I was supposed to go to the mall that day. And I did. After I had run out of all my momentary tears, I got on a bus with my mother. Thankful for once that I had to wear a face mask to prevent my fragile heart from stopping in its tracks because of the pandemic air. A dam broke as I sat in the bus. Tears rolled down my cheeks, drenching all kinds of masks I had put on. I let out obstructed, puffed breaths into the air that reeked of death, ready to literally plunge the wind out of my lungs if I breathed out, unguarded.

Next came the culpability. Whose fault was it that she passed away? Had I been unintentionally incautious? Had she fallen down because we had left the perch askew? Or was it an unfortunate mishap while playing with the other birds? How could I have missed the footprints death had left, no matter how unnoticeable? Her death made me feel guilty of complicity. There are ways to cope for people afflicted with all sorts of things. But there are no how-to-cope-with guides to come to terms with the fact that you might or might not have unintentionally caused a death.

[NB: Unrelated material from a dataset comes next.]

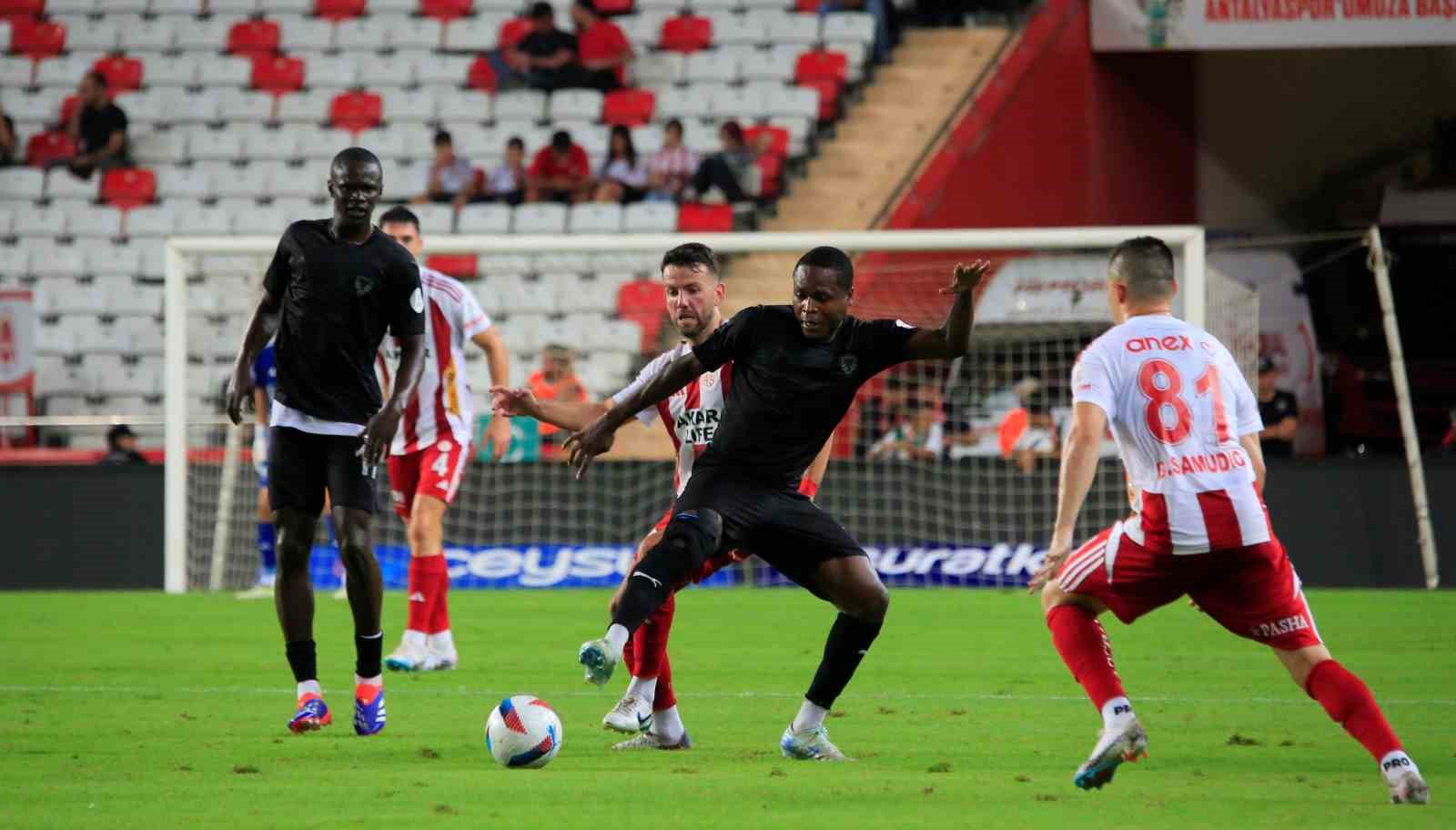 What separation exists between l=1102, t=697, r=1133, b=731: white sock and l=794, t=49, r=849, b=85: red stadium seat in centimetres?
1572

I incredulously thought I was Voldemort. And she was one of my 7 horcruxes (Ironic how even the numbers added up right). One seventh of my heart destroyed.

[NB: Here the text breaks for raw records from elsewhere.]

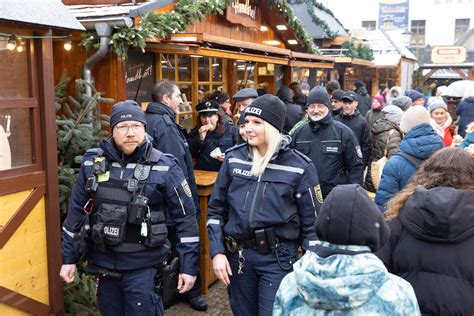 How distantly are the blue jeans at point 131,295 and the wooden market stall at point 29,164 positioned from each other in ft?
3.01

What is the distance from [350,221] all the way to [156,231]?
1712mm

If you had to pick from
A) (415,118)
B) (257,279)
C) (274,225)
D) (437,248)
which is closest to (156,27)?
(415,118)

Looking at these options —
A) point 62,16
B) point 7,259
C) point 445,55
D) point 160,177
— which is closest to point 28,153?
point 7,259

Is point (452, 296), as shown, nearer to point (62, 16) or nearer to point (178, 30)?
point (62, 16)

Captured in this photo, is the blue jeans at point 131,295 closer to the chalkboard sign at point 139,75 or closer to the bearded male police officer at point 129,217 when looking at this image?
the bearded male police officer at point 129,217

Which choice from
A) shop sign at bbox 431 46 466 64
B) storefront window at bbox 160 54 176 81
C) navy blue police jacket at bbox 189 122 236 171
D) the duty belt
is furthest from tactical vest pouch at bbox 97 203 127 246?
shop sign at bbox 431 46 466 64

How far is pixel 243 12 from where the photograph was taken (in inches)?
348

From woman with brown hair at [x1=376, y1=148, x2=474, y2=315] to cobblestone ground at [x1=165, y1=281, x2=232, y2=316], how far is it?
2707 mm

Afterwards that night, as I lay ruminating conflicting thoughts, an unusual thought peeked through the haze of my grief. Burials and deaths were documented in “Bills of mortality” in the 16th century. But centuries later, there’s no Bill of mortality or even a birth certificate, let alone one in death, to identify birds. My tiny budgie might not even exist in the perpetual stream of life events when those who love her pass away. She only exists in the contents of cell phone memory and the gallery of our memories.

It’s times like this when the beautiful promises of growing up seem like propaganda. Most things could be replaced and forgotten as a kid. An identical imposter in place of a lost favourite plushie. A better toy truck to replace the outdated model. But memories that take root and entangle as an adult, refuse to untether for promises of better ones. Despite the growing lethargic moss of grief around them, the evocation of my blue bird with intricate wings somehow nourishes my errant human memories.

Passivity of life makes all pains numb and tolerable. Some of us opt to make loss easier through belief in divine intercession. If an omniscient creator wants to take away my cherished pet (or anything in general), there’s not much space left for a guilt trip. Since then, trying to accept the cruel, random cold shoulder of life has made things a lot easier. The more the love, the greater price to pay.

Familiar grief cannot prepare us for more losses we’re sure to suffer. Each one is bound to feel like a stake to the heart. But as fallible humans, the bereavement, the regret makes us what we are. And blocking them out would seep the humanity out. I can only cherish the things I love, safeguard and hold on to what remains, until I can’t.